There was a short pause while Phillips decided whether there was any point in trying to bargain for another hour’s sleep.
Curiosity won out.
“How d’ you mean?”
“If it’s the same person, I have to ask myself why he’d target the DCI in charge of the investigation. What criminal in his right mind would draw attention to himself in such an obvious way?”
“Aye, but you’re forgetting, he’s not in his right mind.”
“But if he’d left things well alone, Isobel Harris’s murder would have been attributed to John Dobbs,” Ryan argued. “Now, we can’t be sure about Dobbs and we know for certain somebody else killed Cooper, so the investigation is ongoing.”
Phillips sat up straighter in bed and scratched the stubble on his chin.
“Who knows what drives these lunatics? Maybe he just couldn’t help himself.”
Ryan rolled the idea around his mind and then frowned.
“I don’t think so. I don’t think he’s a lunatic at all. These murders weren’t frenzied; they were highly organised. With killers like that, there’s usually a reason behind it, a motivator that drives them other than base need, although there’ll be that too.”
“Maybe he thought killing Cooper would end the investigation?”
“By killing her in the same way as Harris, causing us to draw direct comparisons? No.

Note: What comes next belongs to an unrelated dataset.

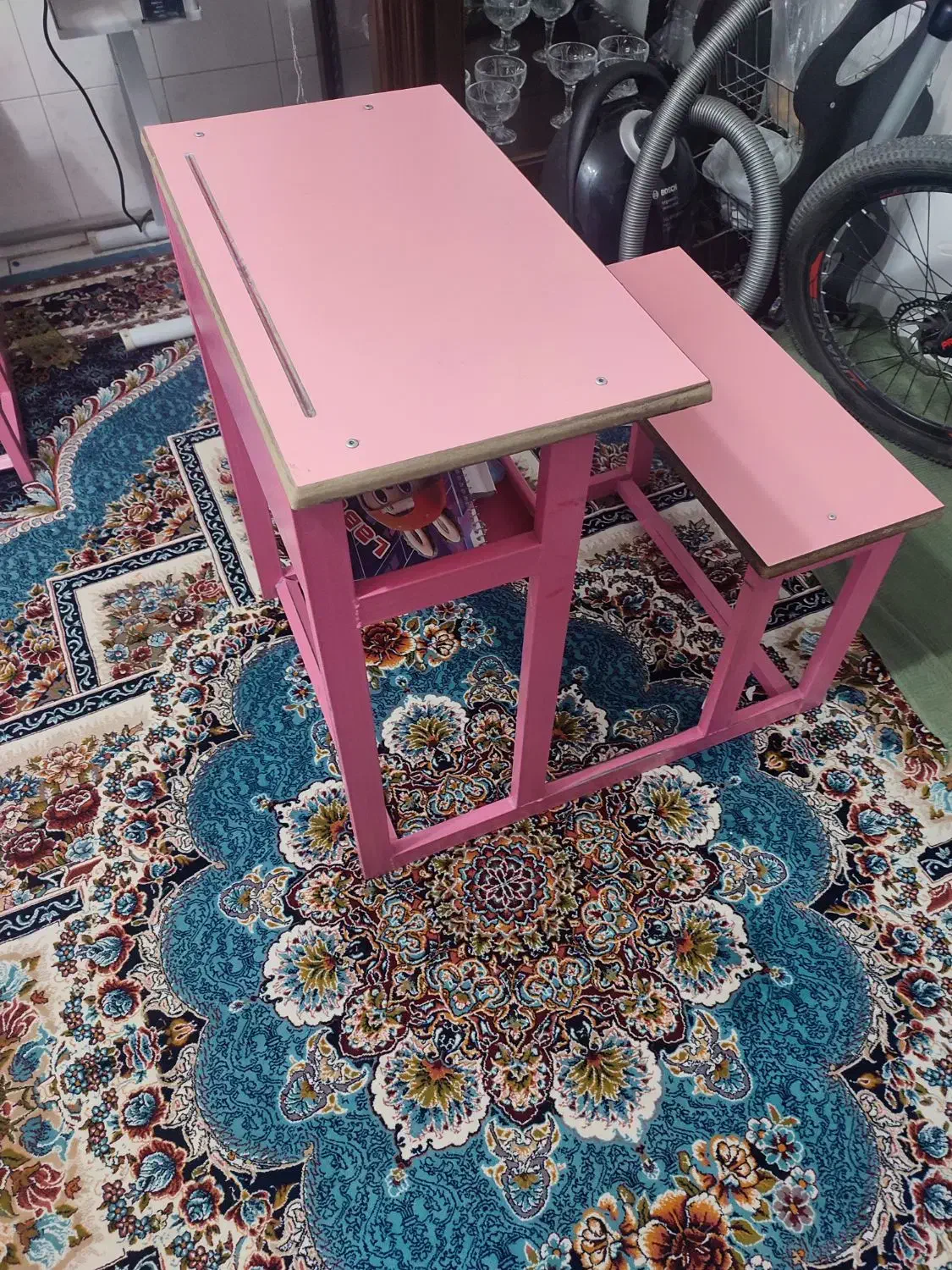 نیمکت|صندلی و نیمکت|چهاردانگه (تهران), |دیوار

I think he killed her because he’s proud, Frank, and he didn’t want Dobbs taking the credit for his handiwork.”
“If that’s the case, killing Cooper wasn’t personal, was it?”

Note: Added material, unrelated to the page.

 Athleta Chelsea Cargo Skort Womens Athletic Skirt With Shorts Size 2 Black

Ryan shook his head grimly and watched the action reflected in the window in front of him.
“With Harris, he killed her slowly and thoroughly, sating himself on the act. But with Cooper, it’s more than that. It isn’t just killing the woman, it’s trying to kill everything she stood for, everything we still stand for. He’s attacking the law itself.”
Phillips considered the implications of that.
“If he didn’t baulk at killing a murder detective, that makes him fearless.”
“Yeah,” Ryan agreed. “He’s not afraid of us and he wanted us to know it. He even left us a card to prove it. What’s his next move, Frank? That’s what I can’t figure out. We need to stay ahead but we haven’t got a hope in hell, at this rate.”
There was another rustle as Phillips threw back the covers.
“I’ll see you at the office in twenty minutes.”
CHAPTER 7
Monday 7th July
The mortuary in the basement of the Royal Victoria Infirmary was the province of Doctor Jeffrey Pinter, the Chief Pathologist attached to Northumbria CID and the man whose unfortunate job it was to pore over the remains of Isobel Harris and Sharon Cooper. Never one to volunteer for overtime, he had nonetheless foregone his regular Sunday afternoon listening to Radio 4 from the comfort of his living room, and had streamed it through the in-built mortuary speakers instead. Thanks to an omnibus edition of The Archers, he was able to provide the police with his preliminary observations in record time.
As soon as they received his call, Ryan and Phillips left the clear, crisp air of a late northern summer and descended into the bowels of the hospital. They made their way through a network of stuffy, white-washed corridors lined with powerful air conditioning vents until they came to a set of wide double doors.
“Stifling in here,” Phillips complained.
“Not for long,” Ryan replied, keying in the security code.
As he had predicted, an ice-cold blast awaited them when the doors buzzed open and they stepped inside. The mortuary was just as they remembered; a bank of metal drawers covered one side of the room and a row of gurneys stood in the centre, one of which was occupied and receiving the ministrations of a couple of mortuary technician. They looked up from behind surgical masks and their hair, hands and bodies were covered in protective clothing, so they became impersonal, asexual, just like the body they tended.